**INSTRUCTIONS TO FOLLOW**
Pictures are to be left out, and only the lines below starting at the one with "Topshop Kylie Chunky" and ending at the one with "Tribesigns Round Bar" are to be reproduced, each exactly, both ends included.
Start of SOURCE MATERIAL
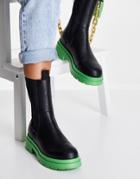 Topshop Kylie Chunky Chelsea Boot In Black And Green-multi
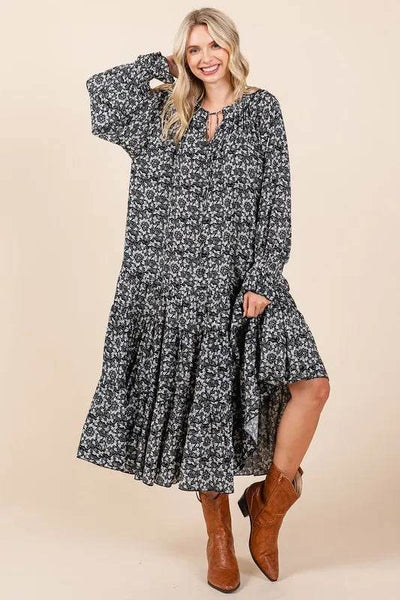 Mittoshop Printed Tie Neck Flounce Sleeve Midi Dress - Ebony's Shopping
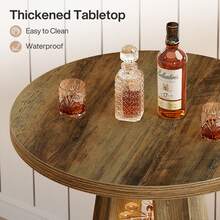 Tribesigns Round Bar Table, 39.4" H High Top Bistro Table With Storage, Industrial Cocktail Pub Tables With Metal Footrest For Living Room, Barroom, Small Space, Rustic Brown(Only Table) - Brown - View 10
End of SOURCE MATERIAL
Start of SOURCE MATERIAL
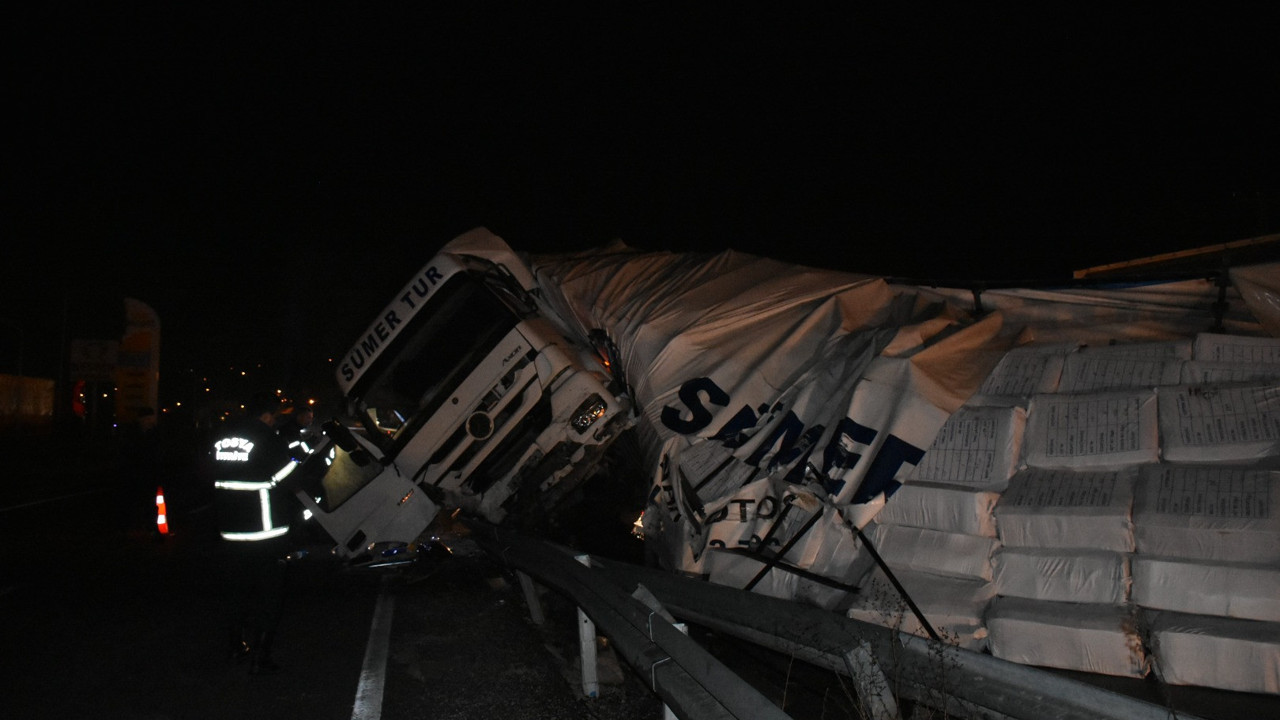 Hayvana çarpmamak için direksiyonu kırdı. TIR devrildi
End of SOURCE MATERIAL
**SOLUTION FOR THIS TASK**
 Topshop Kylie Chunky Chelsea Boot In Black And Green-multi
 Mittoshop Printed Tie Neck Flounce Sleeve Midi Dress - Ebony's Shopping
 Tribesigns Round Bar Table, 39.4" H High Top Bistro Table With Storage, Industrial Cocktail Pub Tables With Metal Footrest For Living Room, Barroom, Small Space, Rustic Brown(Only Table) - Brown - View 10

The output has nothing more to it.